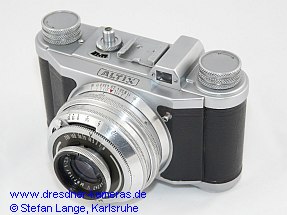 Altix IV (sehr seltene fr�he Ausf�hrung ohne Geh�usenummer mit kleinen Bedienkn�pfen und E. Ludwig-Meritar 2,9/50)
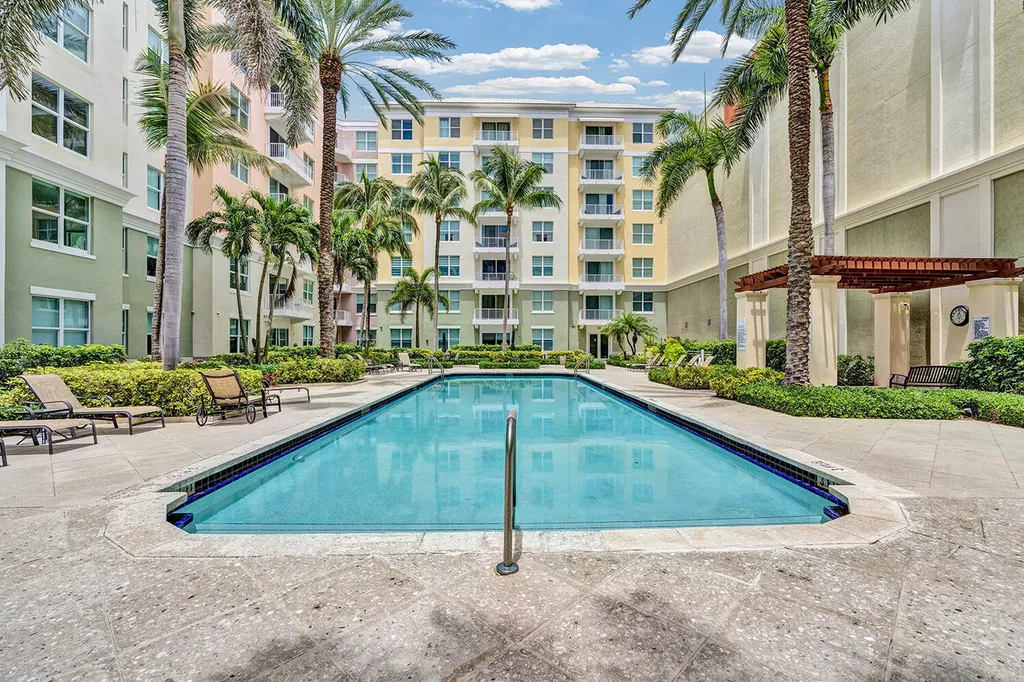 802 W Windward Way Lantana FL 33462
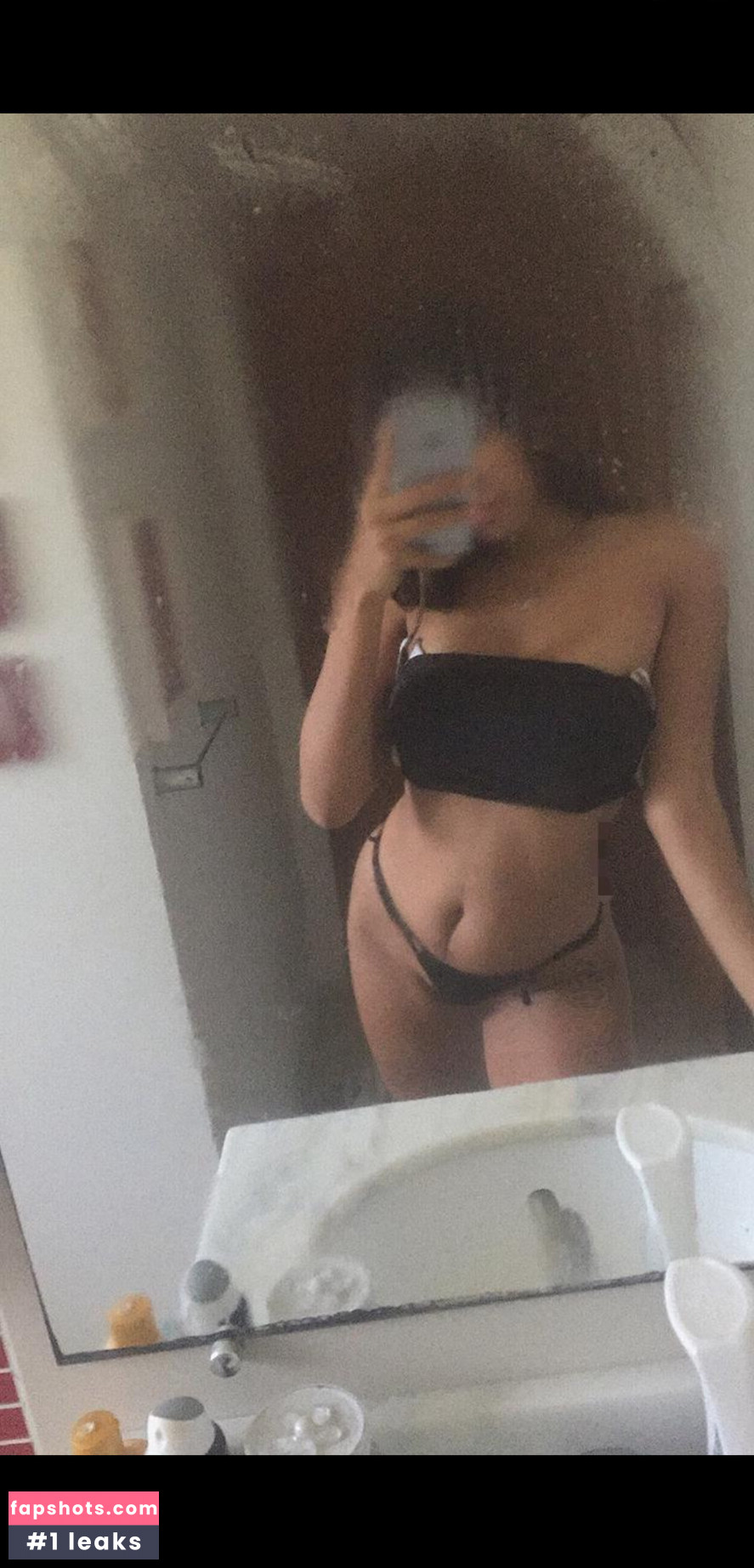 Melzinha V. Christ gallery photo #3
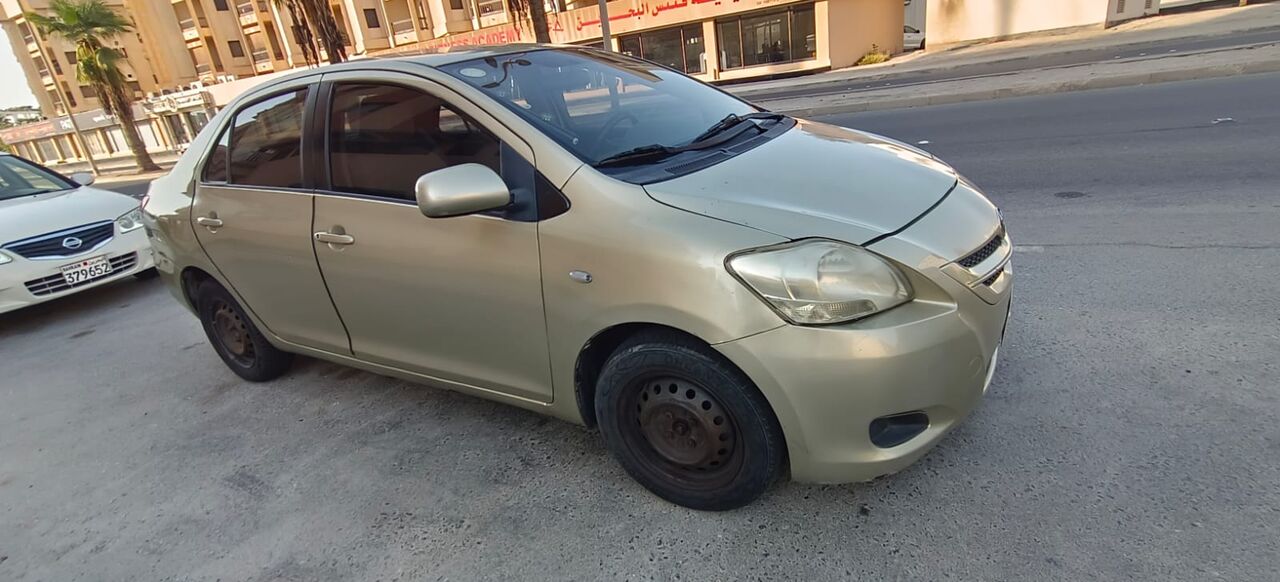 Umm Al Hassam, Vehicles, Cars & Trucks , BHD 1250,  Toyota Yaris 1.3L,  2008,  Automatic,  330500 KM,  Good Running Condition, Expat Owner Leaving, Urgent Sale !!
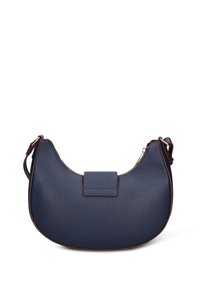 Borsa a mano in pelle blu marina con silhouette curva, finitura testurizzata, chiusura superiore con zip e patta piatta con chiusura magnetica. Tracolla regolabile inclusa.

...

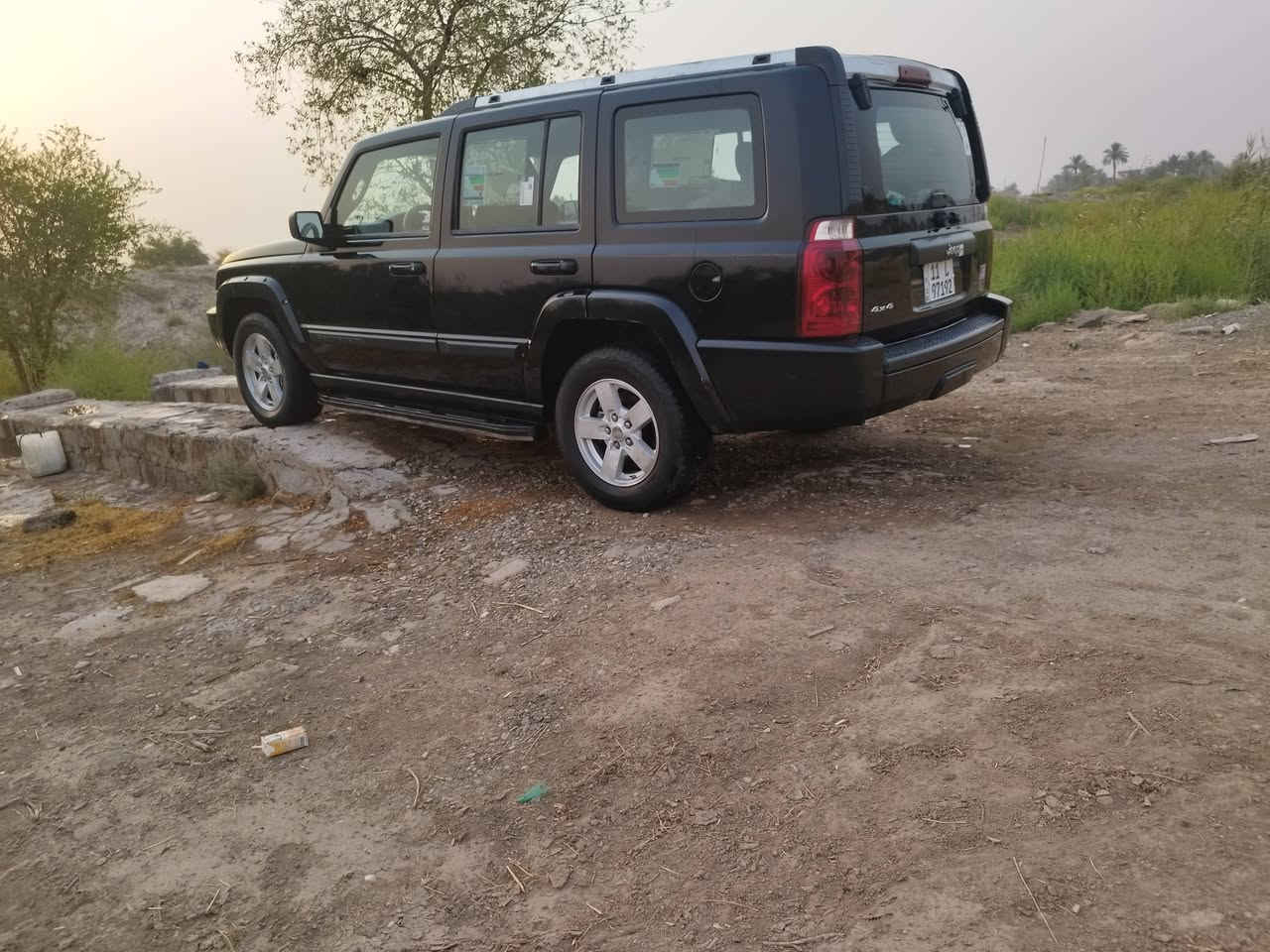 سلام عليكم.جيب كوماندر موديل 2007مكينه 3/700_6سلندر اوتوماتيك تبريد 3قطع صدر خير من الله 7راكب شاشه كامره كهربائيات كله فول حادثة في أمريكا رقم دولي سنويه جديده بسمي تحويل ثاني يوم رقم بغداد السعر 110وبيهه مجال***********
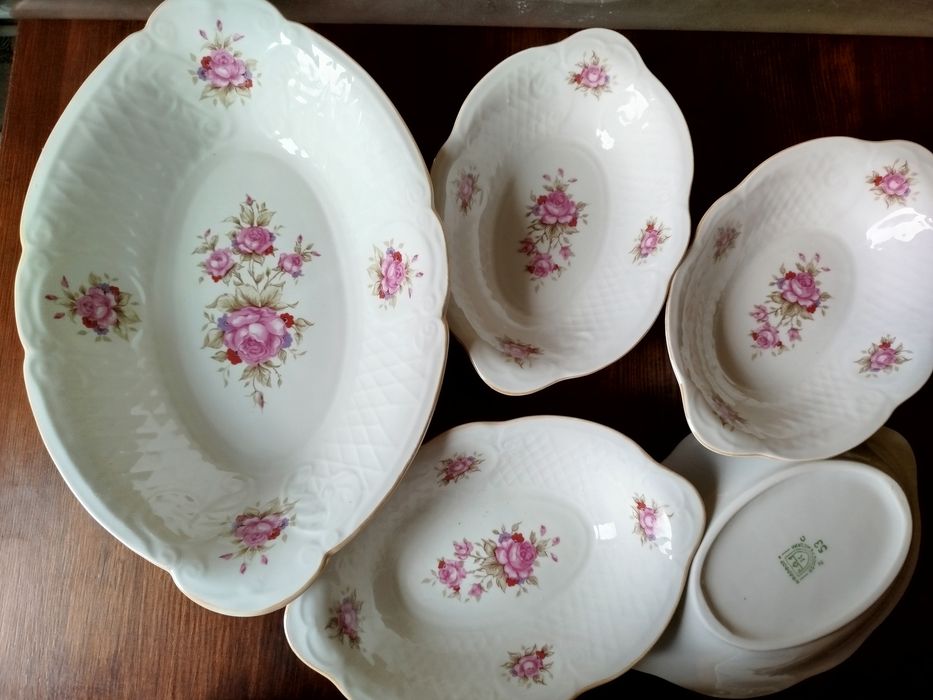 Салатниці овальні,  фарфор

> _Instructions for the task_:
Within the entries above, give again exactly the lines starting at the one that contains "Umm Al Hassam, Vehicles, Cars" and ending at the one that contains "Borsa a mano", leaving out the pictures.

> _Response to the task_:
 Umm Al Hassam, Vehicles, Cars & Trucks , BHD 1250,  Toyota Yaris 1.3L,  2008,  Automatic,  330500 KM,  Good Running Condition, Expat Owner Leaving, Urgent Sale !!
 Borsa a mano in pelle blu marina con silhouette curva, finitura testurizzata, chiusura superiore con zip e patta piatta con chiusura magnetica. Tracolla regolabile inclusa.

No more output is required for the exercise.